日本政府が3月5日に入国制限強化を発表すると、翌日には康京和外相が冨田浩司駐韓大使を呼び、直々に「速やかな撤回」を強く求めたほか、即日、日本人への短期滞在用(90日以内)の査証(ビザ)免除の停止を発表するなど、立て続けに異例の対応を見せた。
韓国側の感情的な反応は、日本に対する対抗措置というより、もはや"報復"措置の色合いが露骨に出ている。そこには、韓国特有の日本への感情があるようだ。
なぜか日本だけに猛抗議
日本の入国制限強化に対して、韓国がここまで反発している理由は、表向きには次のような点が挙げられている。
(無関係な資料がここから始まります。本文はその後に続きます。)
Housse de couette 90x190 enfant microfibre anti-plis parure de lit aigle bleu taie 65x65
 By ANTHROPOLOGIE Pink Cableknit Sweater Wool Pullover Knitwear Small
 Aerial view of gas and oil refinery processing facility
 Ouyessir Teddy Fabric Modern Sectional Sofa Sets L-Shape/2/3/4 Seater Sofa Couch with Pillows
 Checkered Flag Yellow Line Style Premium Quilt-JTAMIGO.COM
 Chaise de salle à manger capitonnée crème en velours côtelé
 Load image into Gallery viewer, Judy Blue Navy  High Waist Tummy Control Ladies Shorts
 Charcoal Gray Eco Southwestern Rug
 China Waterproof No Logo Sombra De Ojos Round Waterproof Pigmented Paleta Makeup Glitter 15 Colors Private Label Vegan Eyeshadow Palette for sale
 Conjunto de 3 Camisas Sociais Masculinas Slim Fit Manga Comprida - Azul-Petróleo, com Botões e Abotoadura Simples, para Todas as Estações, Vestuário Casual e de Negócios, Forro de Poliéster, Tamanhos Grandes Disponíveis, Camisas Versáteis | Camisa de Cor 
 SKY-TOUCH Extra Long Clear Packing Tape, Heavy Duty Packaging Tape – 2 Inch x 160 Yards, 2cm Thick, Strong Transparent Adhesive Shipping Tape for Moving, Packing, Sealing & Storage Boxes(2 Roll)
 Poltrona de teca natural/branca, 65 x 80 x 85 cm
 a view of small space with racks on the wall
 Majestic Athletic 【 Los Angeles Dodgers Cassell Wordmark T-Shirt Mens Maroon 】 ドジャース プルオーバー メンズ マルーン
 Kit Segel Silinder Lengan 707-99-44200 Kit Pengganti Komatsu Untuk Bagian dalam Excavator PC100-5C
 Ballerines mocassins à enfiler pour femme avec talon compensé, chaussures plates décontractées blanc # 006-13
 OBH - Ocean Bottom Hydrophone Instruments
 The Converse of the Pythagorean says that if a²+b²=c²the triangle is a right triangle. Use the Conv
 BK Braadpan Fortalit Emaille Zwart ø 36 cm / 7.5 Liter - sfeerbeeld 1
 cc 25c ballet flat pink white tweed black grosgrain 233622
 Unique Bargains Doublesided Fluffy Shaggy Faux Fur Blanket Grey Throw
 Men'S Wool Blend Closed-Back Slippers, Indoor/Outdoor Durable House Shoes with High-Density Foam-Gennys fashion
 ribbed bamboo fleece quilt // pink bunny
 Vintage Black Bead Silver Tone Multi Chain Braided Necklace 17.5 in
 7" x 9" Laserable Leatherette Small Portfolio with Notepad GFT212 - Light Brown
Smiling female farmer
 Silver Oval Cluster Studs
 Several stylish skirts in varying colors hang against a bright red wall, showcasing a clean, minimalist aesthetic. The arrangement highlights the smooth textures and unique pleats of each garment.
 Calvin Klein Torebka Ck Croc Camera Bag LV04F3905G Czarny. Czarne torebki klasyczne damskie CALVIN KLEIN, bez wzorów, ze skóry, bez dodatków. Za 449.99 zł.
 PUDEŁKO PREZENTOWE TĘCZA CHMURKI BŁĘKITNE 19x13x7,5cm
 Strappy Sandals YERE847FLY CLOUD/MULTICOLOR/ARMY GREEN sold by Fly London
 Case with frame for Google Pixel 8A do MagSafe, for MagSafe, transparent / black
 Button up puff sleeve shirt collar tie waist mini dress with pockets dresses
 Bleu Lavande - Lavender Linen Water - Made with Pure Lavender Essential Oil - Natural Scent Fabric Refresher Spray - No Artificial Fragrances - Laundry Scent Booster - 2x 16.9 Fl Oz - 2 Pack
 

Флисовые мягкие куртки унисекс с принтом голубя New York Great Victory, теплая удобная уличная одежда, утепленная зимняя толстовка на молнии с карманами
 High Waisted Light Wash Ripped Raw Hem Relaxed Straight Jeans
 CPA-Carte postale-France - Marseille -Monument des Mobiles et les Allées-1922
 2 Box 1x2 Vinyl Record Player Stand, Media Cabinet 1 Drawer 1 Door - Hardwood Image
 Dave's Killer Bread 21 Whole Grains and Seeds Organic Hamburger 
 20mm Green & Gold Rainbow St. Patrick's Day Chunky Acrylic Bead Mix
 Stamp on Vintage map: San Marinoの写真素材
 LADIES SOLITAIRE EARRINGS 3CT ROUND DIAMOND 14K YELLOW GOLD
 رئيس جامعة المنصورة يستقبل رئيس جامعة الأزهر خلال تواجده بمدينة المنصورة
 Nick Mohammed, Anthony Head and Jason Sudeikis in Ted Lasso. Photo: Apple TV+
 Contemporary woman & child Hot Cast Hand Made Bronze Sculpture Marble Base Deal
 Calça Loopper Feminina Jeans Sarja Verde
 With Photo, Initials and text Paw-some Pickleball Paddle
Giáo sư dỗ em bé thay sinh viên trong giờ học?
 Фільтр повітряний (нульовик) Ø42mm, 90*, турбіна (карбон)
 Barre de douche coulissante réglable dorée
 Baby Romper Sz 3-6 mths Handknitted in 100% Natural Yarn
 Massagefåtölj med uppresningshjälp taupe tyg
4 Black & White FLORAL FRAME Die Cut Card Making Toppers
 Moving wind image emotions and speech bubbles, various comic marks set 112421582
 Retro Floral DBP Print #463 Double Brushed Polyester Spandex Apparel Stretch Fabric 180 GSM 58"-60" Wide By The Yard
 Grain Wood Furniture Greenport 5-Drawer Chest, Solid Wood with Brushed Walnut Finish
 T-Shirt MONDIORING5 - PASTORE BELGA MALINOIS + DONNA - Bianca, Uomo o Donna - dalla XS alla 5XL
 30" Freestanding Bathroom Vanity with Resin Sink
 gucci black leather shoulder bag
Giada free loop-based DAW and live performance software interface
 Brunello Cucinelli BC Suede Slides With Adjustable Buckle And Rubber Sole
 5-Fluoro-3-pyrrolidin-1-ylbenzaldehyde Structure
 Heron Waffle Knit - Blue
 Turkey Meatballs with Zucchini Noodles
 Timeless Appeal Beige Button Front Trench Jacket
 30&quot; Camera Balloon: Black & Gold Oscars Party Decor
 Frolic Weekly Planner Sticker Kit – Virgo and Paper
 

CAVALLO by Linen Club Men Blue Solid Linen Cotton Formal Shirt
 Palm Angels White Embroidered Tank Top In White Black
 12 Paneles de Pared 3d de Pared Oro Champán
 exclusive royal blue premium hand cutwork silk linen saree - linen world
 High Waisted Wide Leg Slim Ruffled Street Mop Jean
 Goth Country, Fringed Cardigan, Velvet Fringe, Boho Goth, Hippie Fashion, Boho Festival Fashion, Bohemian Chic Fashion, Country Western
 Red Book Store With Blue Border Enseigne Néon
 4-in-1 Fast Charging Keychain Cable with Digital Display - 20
「韓国政府の感染拡大防止の成果が出ている中、不適切だ」(康外相)
「韓国は入国制限を課していないのに、日本側が一方的に入国拒否に踏み切った」(外務省)
「韓国政府との十分な事前協議がなかった」(大統領府)
「日本の防疫対応は韓国に比べて脆弱だ」(外務省)
ただ、これらの「公式な抗議」の理由は、日本にだけ当てはまるものではない。韓国では、感染者増加により、すでに100以上の国や地域が韓国からの渡航者の入国を制限しているのだ。
日本と同じ3月5日には、オーストラリアも韓国からの入国を制限すると発表している。韓国の言い分でいえば、日本だけでなくこれらの国々にも韓国政府は対抗措置をとるべきだろう。
今回、韓国と同じように日本が入国制限の対象とした中国の反応は、全く異なる。